| INSTRUCTIONS FOR THE TASK |
The required output is the lines below from the line containing "1/72 RENAULT KERAX" to the line containing "Abercrombie & Fitch", inclusive, retyped exactly. No other lines belong in it.

| SOURCE MATERIAL |
Start of Block

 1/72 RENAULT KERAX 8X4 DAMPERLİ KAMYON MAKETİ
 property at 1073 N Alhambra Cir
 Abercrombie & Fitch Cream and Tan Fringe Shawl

End of Block
Start of Block

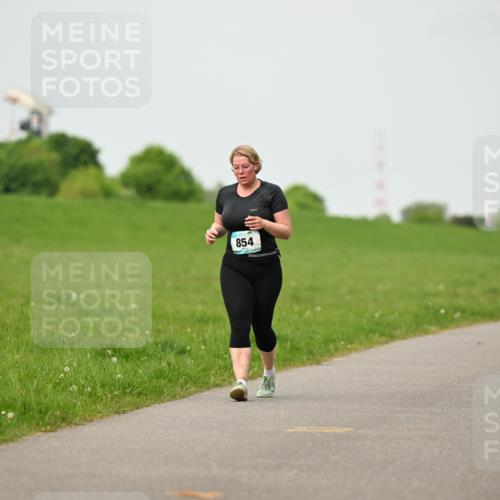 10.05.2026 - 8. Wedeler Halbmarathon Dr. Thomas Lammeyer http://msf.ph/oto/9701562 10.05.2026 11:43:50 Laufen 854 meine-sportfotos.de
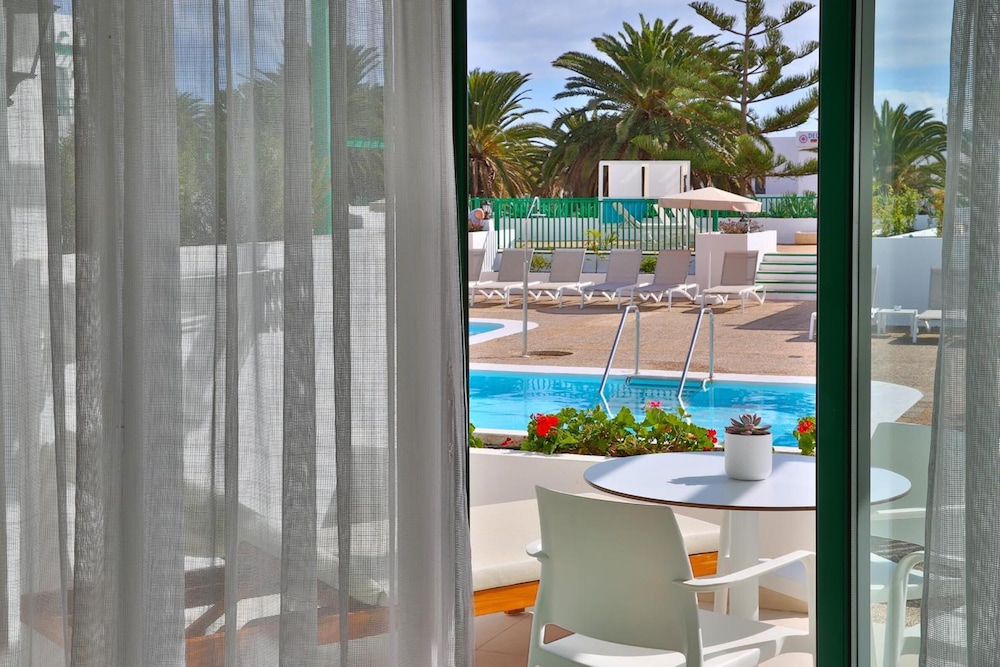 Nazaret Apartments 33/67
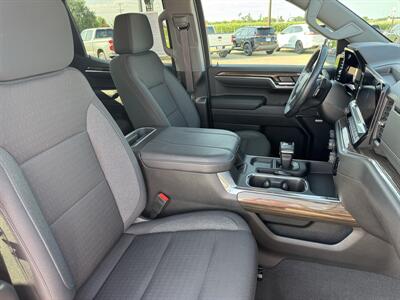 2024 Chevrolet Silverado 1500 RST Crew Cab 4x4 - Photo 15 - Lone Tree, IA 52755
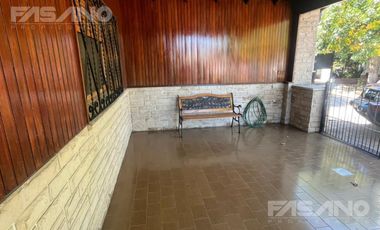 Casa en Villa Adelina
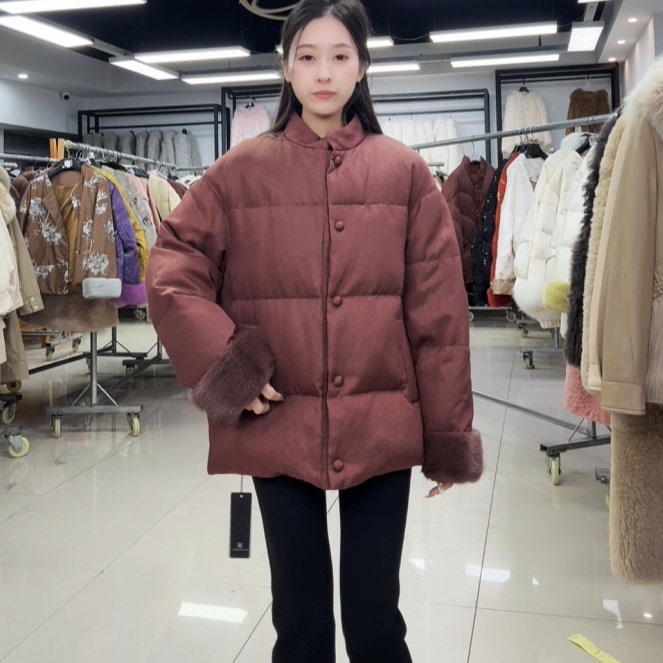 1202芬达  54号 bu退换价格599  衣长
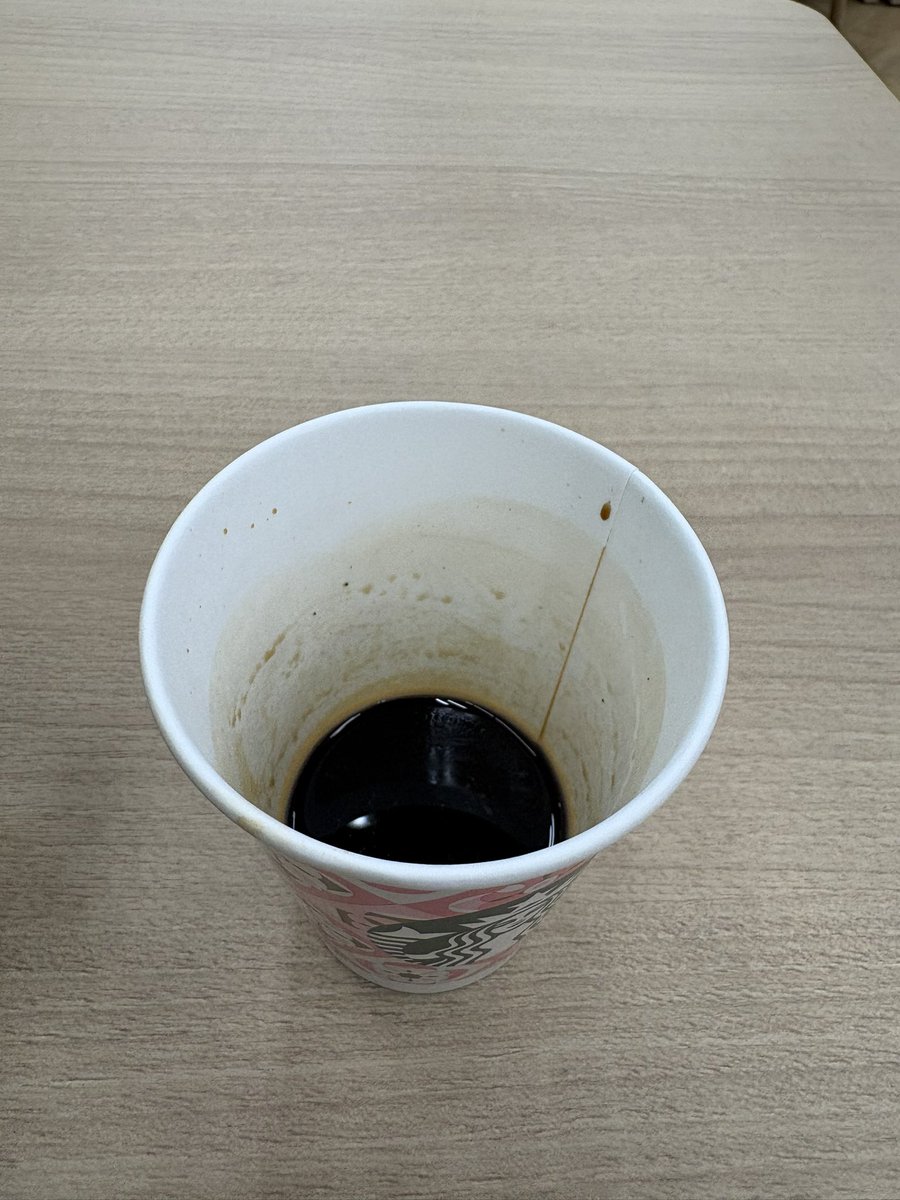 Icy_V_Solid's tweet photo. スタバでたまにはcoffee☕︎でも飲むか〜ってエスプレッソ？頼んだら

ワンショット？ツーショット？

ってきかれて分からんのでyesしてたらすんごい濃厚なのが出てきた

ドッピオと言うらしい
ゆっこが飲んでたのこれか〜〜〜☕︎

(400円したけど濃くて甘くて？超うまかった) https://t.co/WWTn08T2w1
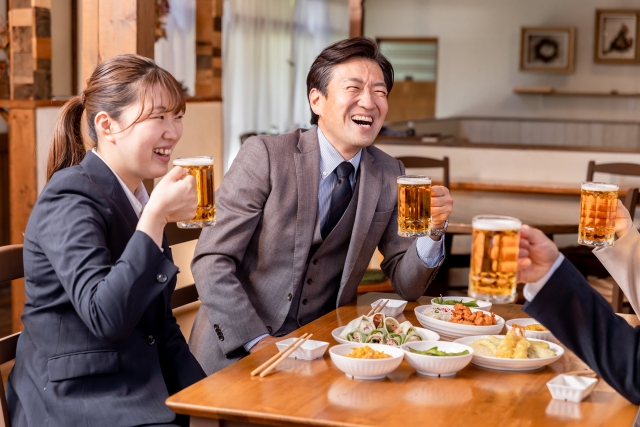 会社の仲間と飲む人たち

End of Block
Start of Block

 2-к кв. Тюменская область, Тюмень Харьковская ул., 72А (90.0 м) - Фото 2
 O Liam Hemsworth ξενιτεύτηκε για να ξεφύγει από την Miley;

End of Block

| RESULT OF THE EXERCISE |
 1/72 RENAULT KERAX 8X4 DAMPERLİ KAMYON MAKETİ
 property at 1073 N Alhambra Cir
 Abercrombie & Fitch Cream and Tan Fringe Shawl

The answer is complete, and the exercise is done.